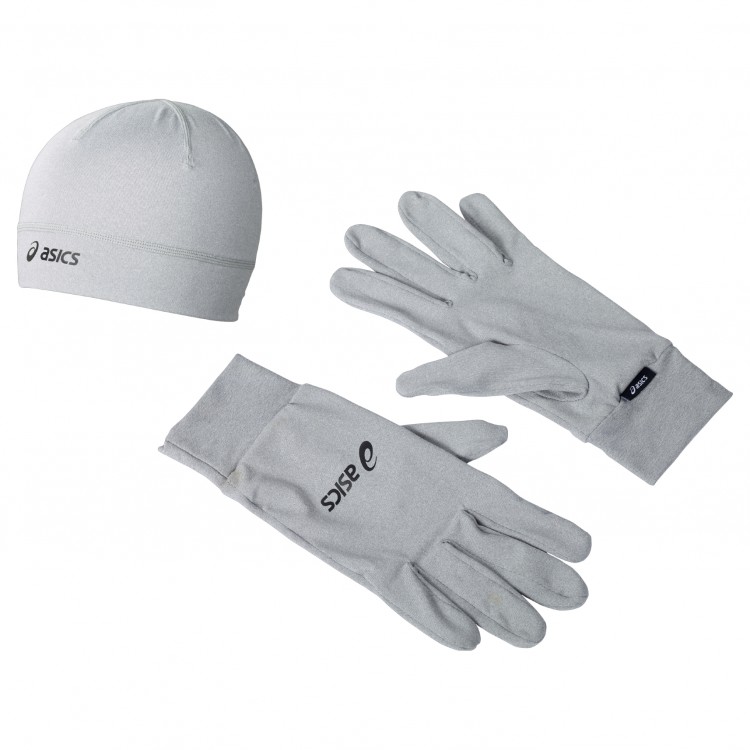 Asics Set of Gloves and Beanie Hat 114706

===============

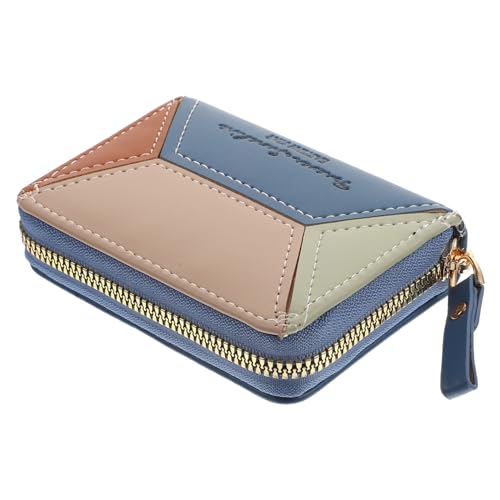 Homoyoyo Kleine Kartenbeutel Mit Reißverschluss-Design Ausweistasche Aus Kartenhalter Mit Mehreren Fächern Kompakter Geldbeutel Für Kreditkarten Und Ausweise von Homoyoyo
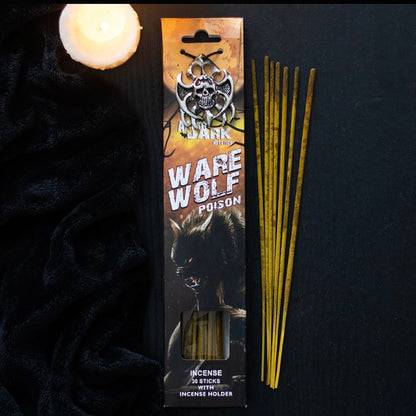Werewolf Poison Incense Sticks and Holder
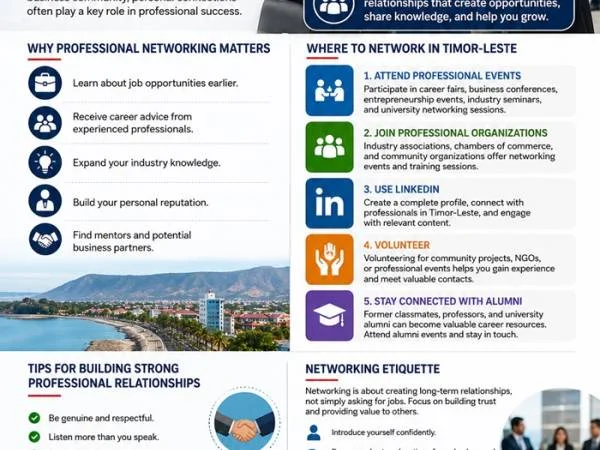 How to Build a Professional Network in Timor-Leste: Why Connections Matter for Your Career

===============

■ Work required ■
What you write must match the listing exactly, from the line with "Homoyoyo Kleine Kartenbeutel" up to and including the line with "How to Build". Pictures stay out.

■ Response below ■
 Homoyoyo Kleine Kartenbeutel Mit Reißverschluss-Design Ausweistasche Aus Kartenhalter Mit Mehreren Fächern Kompakter Geldbeutel Für Kreditkarten Und Ausweise von Homoyoyo
Werewolf Poison Incense Sticks and Holder
 How to Build a Professional Network in Timor-Leste: Why Connections Matter for Your Career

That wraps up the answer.